Trends for 2015
Eight Opportunities for Private Higher Education to Gain Market Share
Annually, The Lawlor Group combines our proprietary research with findings from outside studies to predict which trends in the higher education marketplace will have a significant impact on student recruitment and enrollment efforts at independent colleges and universities during the coming year. The past several years have been marked by economic, demographic, and technological disruption, placing many senior administrators in a reactive position as they respond to marketplace trends. We strongly believe, however, that 2015 brings a time for more proactive, innovative leadership. So this year, we present our trends in the form of what we expect to see from institutions that are being “edupreneurial” in signaling their relevance, distinction, and value.
Line ’Em Up
Students say they want to leave college with the skills and abilities that make them employable. Faculty say they teach those very skills and abilities. Employers say new college graduates are woefully underprepared for the workplace. Clearly, something’s not going as intended.
- 86% of first-year students said a very important reason they decided to attend college was “to be able to get a better job,” and 77% said “to get training for a specific career” (CIRP).

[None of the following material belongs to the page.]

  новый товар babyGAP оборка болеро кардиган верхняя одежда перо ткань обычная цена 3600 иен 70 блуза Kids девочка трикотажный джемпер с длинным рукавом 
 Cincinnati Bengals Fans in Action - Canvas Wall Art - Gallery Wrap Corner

- 97% of chief academic officers at private non-profit institutions say their institution is effective (57% said very effective) in “preparing students for the world of work” (Inside Higher Ed).

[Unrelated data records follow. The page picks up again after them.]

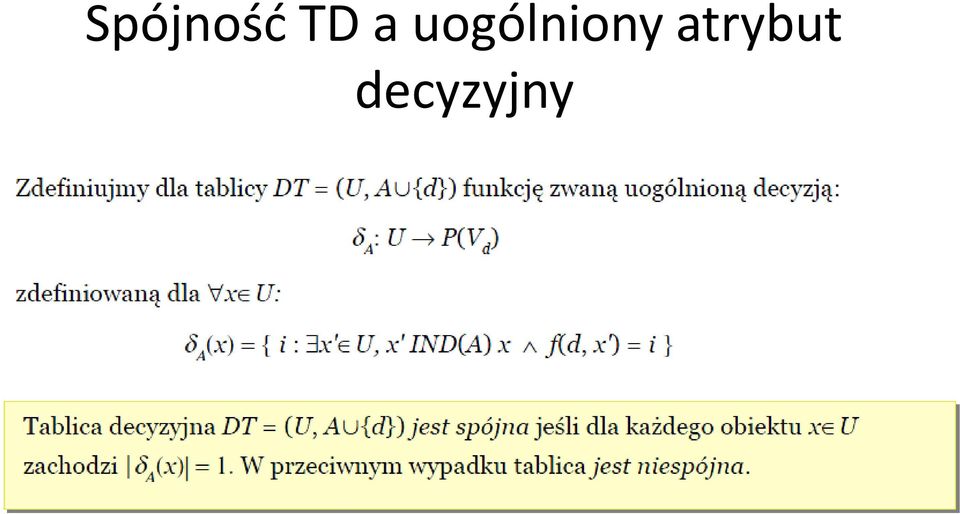 uogólniony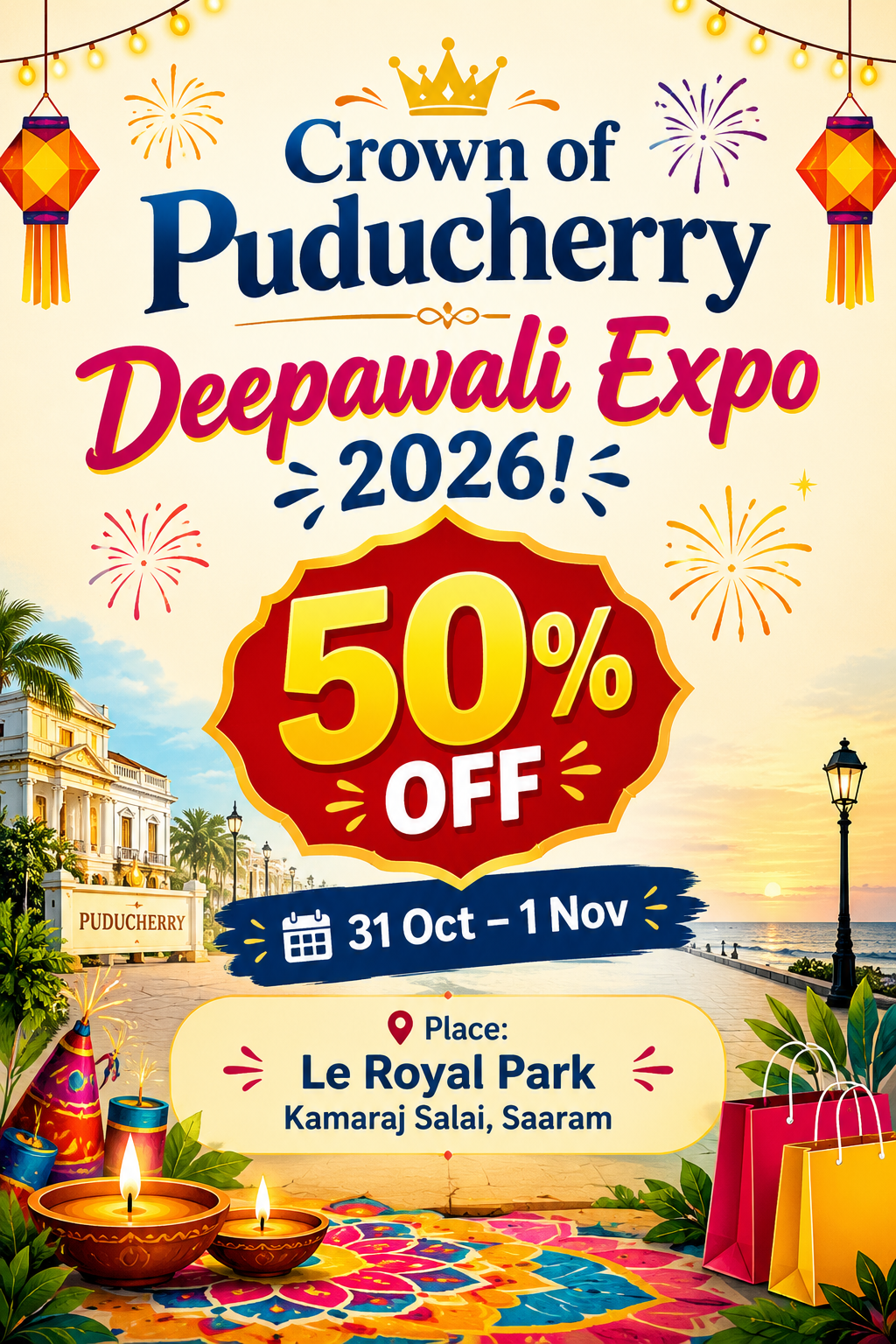 Crown of Puducherry Deepawali Expo — photo 1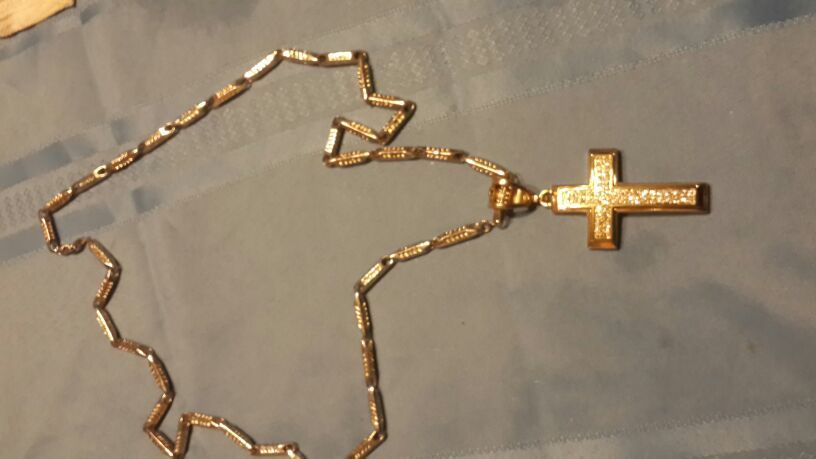 Gold over stainless steel chain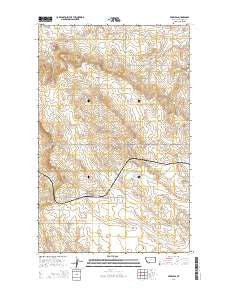 Peerless Montana Current topographic map, 1:24000 scale, 7.5 X 7.5 Minute, Year 2014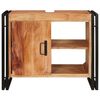 vidaXL Waschbeckenunterschrank mit Tür Massivholz Akazie und Eisen
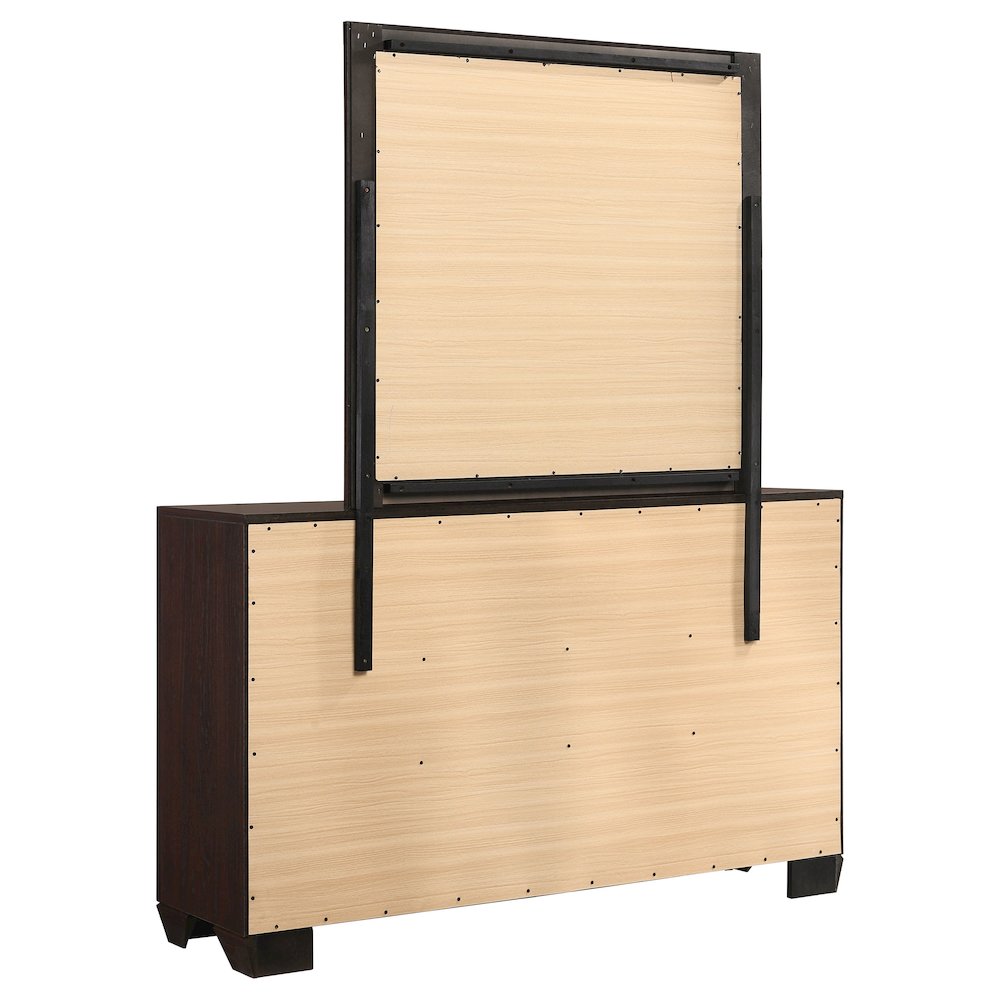 Kauffman 6-drawer Dresser with Mirror Dark Cocoa. Picture 6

- 33% of business leaders agree (11% strongly agree) that “higher education institutions in this country are graduating students with the skills and competencies that my business needs” (Lumina/Gallup).

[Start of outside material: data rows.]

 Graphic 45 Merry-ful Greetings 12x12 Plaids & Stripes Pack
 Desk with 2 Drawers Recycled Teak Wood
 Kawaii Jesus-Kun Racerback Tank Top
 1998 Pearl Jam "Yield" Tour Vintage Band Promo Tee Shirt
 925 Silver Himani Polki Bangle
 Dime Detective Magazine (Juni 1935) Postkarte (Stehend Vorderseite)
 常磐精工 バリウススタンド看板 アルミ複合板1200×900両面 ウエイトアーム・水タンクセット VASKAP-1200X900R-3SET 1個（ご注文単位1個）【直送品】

- While 59% of college graduates believe they are well-prepared to apply knowledge/skills to the real world, only 24% of employers agree (American Association of Colleges and Universities).
- 73% of hiring managers felt that colleges are only “somewhat preparing” students for the working world (Millennial Branding).
Opportunity: Align learning objectives with workforce needs.
Evidently there’s a mismatch between what faculty and employers mean by career-oriented learning goals. But in order for a college to provide a compelling value proposition, the outcomes of the experience must line up with the expectations of the marketplace. So institutions are exploring modularized course content, competency-based learning, and other ways to verifiably deliver specific market-driven educational outcomes.